Testing and prototyping.

When implementing logic using a cloud provider backend. It is often useful to have mock data for testing.
Using InMemoryStore for mock data is a good way to test the logic without having to use a cloud provider backend or running infrastructure locally.

Example:

from spoonbill.datastores import DynamoDBStore, InMemoryStore
import os

environment = os.getenv("environment", "test")

if environment == "test":
    store = InMemoryStore.open("mock data")
elif environment == "dev":
    store = DynamoDBStore.open("dev table")
else:
    store = DynamoDBStore.open("prod table")

Data science with cloud infrastructure.

Simple Example

import numpy as np
import pandas as pd
from spoonbill.datastores import DynamoDBStore

df = pd.DataFrame({'user': [1, 2, 3]})
feature_store = DynamoDBStore.open("features table")  # {1: {"age":20:, "sex":female",...}}


def get_user_details(x):
    default = {"age": 25, "sex": "female"}
    return pd.Series(feature_store.get(x['user'], default).values())
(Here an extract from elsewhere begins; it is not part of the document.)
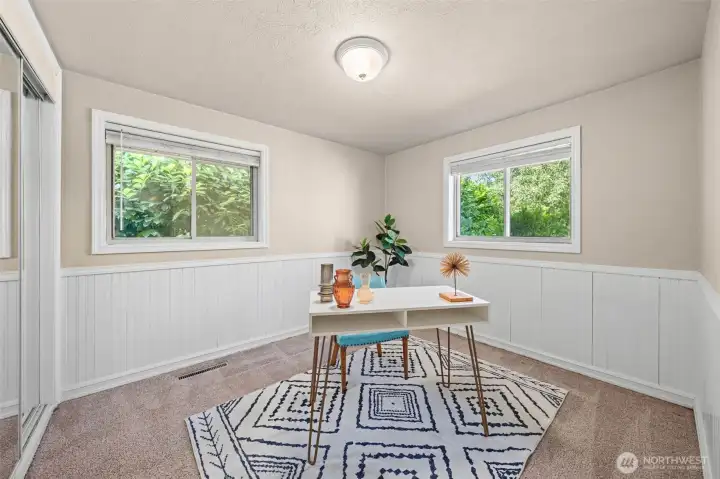 Currently staged as an office, this versatile bedroom enjoys windows overlooking both the backyard and lush landscape. Currently staged as an office, this versatile bedroom enjoys windows overlooking both the backyard and lush landscape.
df[['age', 'sex']] = df.apply(get_user_details, axis=1)
"""
   user  age     sex
0     1   20    male
1     2   30  female
2     3   25  female
"""

Online machine learning


from spoonbill.datastores import RedisStore, FilesystemStore
import time


class Model:

    def __init__(self):
        self.version = 123
        self.versions = RedisStore.open("redis://model_versions")
        self.models = FilesystemStore.open("s3://models/")  # can also use a faster store if needed
        self._model = self.models.get(self.version)

    @property
    def model(self):
        if self.version != self.versions.get("version"):
            self.version = self.versions.get("version")
            self._model = self.models.get(self.version)
        return self._model

    def partial_fit(self, x, y):
        """
        Fit a single example
        * Best to run as a single process from a queue 
        """
        new_model = self._model.partial_fit(x, y)
        new_model_id = int(time.time())
        self.models[new_model_id] = new_model
        self.versions["version"] = new_model_id

    # can scale horizontally by adding more workers 
    def predict(self, x):
        return self.model.predict(x)

Advance machine learning example

Let’s say we have a model that predicts the probability of a user watching a video based on their history.

  • We train a user-video embeddings every day.

  • We update the model every hour.

  • The last 3 movies are updated in real-time.

import numpy as np
from datetime import datetime as dt
from spoonbill.datastores import RedisStore, SafetensorsStore, FilesystemStore

# Whenever a user watches a video, we update the last 3 movies list.
recently_watched_store = RedisStore.open("redis://last_3_movies")  # {1: [1, 2, 3]}
video_embedding = SafetensorsStore.open("video_embedding.db")  # {1: [0.1, 0.2, 0.3]}
models = FilesystemStore.open("s3://models/22-02-2022/")  # {"v1": SuperNN(),...}

# updates
model = models.get(dt.now().hour, "default_model")  # update the model every hour
video_embedding.load('s3://video_embeddings/day')  # load the video embeddings every day


def get_user_embedding(user):
    # online feature engineering 
    default_embedding, most_popular_movies = [0.1, 0.1, 0.1], [1, 2, 3]
    last_3_movies = recently_watched_store.get(user, most_popular_movies)
    return np.mean([video_embedding.get(movie, default_embedding) for movie in last_3_movies], axis=0)


def predict(user):
    return model.predict(get_user_embedding.get(user))

  • This can be even more efficient if we save the already computed average embeddings straight in redis, but this example should get the point across.